Set down nothing except the lines starting at the one with "2023 MITSUBISHI OUTLANDER" and ending at the final line of the material, each word for word.
BEGIN Input
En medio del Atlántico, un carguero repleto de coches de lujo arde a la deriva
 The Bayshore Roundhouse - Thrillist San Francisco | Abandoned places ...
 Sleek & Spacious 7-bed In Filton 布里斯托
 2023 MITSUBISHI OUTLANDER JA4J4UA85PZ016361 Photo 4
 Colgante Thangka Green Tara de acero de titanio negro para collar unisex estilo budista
END Input
__Exercise result__.
 2023 MITSUBISHI OUTLANDER JA4J4UA85PZ016361 Photo 4
 Colgante Thangka Green Tara de acero de titanio negro para collar unisex estilo budista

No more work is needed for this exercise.